I first heard this term at the time of 9-11 and the Patriot Act.  In fact, I participated in a conference on the legislation and its meaning for higher education with exactly this title.  Those were interesting times, and yet, so little has come of them.  The timed U.S.A.-PATRIOT Act sections have been renewed more than once; almost all of the legislation as it was originally framed, if I am not mistaken, has stayed in place to this day.  I suspect that outcome is in part because people learned over time about many misconceptions that concerned, if not sometimes histrionic, voices raised at the time.  In part, I am afraid to say, it is because after the invasions of Iraq and Afghanistan, the American public became both inured and overwhelmed not knowing what or how to react, especially in the light of increasingly powerful lobbying on Capital Hill, virtually stolen elections legitimated by the highest court in our land and then an economic crisis little understood and is still yet inadequately addressed if viewed from any angle: regulation of perpetrators, assistance to the unfairly affected or prevention from occurring again.  It is no wonder that but for a few librarians, people have all but forgotten about the "Patriot Act."   Everyone is too busy trying to figure out whether politics is even worth the effort anymore.

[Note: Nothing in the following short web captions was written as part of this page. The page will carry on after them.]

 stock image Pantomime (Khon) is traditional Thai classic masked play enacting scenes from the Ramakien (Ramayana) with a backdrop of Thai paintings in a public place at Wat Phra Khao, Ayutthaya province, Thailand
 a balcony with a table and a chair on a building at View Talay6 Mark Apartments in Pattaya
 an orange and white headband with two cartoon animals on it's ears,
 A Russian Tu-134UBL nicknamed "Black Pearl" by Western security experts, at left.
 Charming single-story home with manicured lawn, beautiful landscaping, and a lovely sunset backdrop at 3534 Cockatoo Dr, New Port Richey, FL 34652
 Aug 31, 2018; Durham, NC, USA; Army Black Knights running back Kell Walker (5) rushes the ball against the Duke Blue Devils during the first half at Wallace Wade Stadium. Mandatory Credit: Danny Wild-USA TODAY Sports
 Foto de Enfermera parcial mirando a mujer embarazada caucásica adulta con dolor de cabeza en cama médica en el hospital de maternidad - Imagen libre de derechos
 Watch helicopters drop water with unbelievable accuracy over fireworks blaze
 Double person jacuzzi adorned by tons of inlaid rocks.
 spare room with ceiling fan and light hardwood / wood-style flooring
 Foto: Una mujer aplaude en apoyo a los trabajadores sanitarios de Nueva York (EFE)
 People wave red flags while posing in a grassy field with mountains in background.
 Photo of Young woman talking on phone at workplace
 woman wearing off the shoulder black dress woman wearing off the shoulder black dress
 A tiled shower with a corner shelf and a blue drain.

And then SOPA and Facebook.  Of course, copyright issues and social networking, as the Bible says of the poor, have always been with us, but suddenly we are taking notice of them.  The alliterative "piracy"  (I am not fond of that term, but never mind my scruples for now) and "privacy" are rearing their formidable heads, again, but this time with gusto.  What accounts for this new energy behind old issues?  In large measure it is that the Internet giants are now pitted against the Hollywood giants, a fight of the titans.  But it is more than that.  Issues that affected people on the margins, for example students who received RIAA Settlement Letters a few years ago or the Facebook users who got seriously burned when without notice Mark Z. switched the privacy settings one arbitrary morning, have increasingly become everyone's issues.  Slowly, we are starting to make the connections between banks and content owners, big Internet and telecommunications companies and little people's lives lived through technology and in cyberspace.  It's not a game or a novelty anymore, it is real and its effects are as profound as the principles upon which reaction is rising: privacy, freedom of expression, balance in innovation and incentive, an appropriate environment for youth, and, not least, where in the world is the public domain?

Wikipedia suggests that the proverb, if it is Chinese at all, may well be ironic.  I thought so at the time of the Patriot Act conference, but I don't think so now.  These are interesting times, or at least it is up to you and me to make them so.